**Provided data:**
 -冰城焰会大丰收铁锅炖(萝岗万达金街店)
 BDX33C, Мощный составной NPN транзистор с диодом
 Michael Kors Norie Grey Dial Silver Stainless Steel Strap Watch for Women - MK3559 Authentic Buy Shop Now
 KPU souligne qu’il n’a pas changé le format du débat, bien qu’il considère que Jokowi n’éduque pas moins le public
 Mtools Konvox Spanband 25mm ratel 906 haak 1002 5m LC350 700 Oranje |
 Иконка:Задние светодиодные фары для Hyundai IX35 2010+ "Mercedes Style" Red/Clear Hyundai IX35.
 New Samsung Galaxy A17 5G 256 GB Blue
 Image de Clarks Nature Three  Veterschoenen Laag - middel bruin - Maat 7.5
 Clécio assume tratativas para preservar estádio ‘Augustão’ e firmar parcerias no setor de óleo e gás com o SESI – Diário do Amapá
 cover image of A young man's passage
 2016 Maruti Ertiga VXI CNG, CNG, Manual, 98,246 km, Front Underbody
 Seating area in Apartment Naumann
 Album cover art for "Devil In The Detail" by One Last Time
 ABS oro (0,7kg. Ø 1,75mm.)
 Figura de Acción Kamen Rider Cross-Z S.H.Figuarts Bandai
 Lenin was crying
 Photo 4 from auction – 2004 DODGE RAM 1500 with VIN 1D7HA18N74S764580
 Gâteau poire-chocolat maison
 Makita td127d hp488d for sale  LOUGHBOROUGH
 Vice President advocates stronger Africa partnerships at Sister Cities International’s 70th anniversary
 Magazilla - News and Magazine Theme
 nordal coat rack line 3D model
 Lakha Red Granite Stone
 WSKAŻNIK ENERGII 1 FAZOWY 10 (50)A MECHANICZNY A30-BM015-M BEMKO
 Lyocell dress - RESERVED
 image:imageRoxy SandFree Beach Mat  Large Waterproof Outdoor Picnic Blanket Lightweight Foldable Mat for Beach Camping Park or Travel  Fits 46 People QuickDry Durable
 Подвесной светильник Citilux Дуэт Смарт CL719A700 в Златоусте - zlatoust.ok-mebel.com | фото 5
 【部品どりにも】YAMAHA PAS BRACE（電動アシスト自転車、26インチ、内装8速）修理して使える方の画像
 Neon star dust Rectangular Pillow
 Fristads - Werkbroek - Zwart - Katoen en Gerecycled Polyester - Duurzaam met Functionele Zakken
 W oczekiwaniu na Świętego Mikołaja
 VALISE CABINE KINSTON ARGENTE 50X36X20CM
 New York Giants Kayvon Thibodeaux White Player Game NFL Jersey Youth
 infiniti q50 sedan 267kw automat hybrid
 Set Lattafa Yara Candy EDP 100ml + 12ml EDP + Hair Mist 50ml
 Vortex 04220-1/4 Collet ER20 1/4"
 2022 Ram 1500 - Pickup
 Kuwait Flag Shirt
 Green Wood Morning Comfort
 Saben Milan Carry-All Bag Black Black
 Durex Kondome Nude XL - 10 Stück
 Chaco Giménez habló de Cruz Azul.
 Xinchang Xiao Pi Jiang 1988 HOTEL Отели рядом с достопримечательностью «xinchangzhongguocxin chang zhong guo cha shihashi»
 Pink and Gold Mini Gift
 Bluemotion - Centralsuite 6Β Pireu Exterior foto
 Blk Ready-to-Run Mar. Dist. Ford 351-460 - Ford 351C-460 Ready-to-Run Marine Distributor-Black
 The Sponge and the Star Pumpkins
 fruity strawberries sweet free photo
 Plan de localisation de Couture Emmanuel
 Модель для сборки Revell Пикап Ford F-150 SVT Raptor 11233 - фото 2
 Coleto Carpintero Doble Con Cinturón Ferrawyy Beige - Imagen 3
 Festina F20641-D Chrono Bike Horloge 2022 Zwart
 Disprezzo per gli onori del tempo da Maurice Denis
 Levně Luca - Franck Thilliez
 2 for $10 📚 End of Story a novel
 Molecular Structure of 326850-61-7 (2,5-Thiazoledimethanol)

**Your assignment:** Nothing but the exact lines from the start of the material through the line holding "New Samsung Galaxy A17 5G 256 GB Blue", both included, belongs in the answer.

**Exercise solution:**
 -冰城焰会大丰收铁锅炖(萝岗万达金街店)
 BDX33C, Мощный составной NPN транзистор с диодом
 Michael Kors Norie Grey Dial Silver Stainless Steel Strap Watch for Women - MK3559 Authentic Buy Shop Now
 KPU souligne qu’il n’a pas changé le format du débat, bien qu’il considère que Jokowi n’éduque pas moins le public
 Mtools Konvox Spanband 25mm ratel 906 haak 1002 5m LC350 700 Oranje |
 Иконка:Задние светодиодные фары для Hyundai IX35 2010+ "Mercedes Style" Red/Clear Hyundai IX35.
 New Samsung Galaxy A17 5G 256 GB Blue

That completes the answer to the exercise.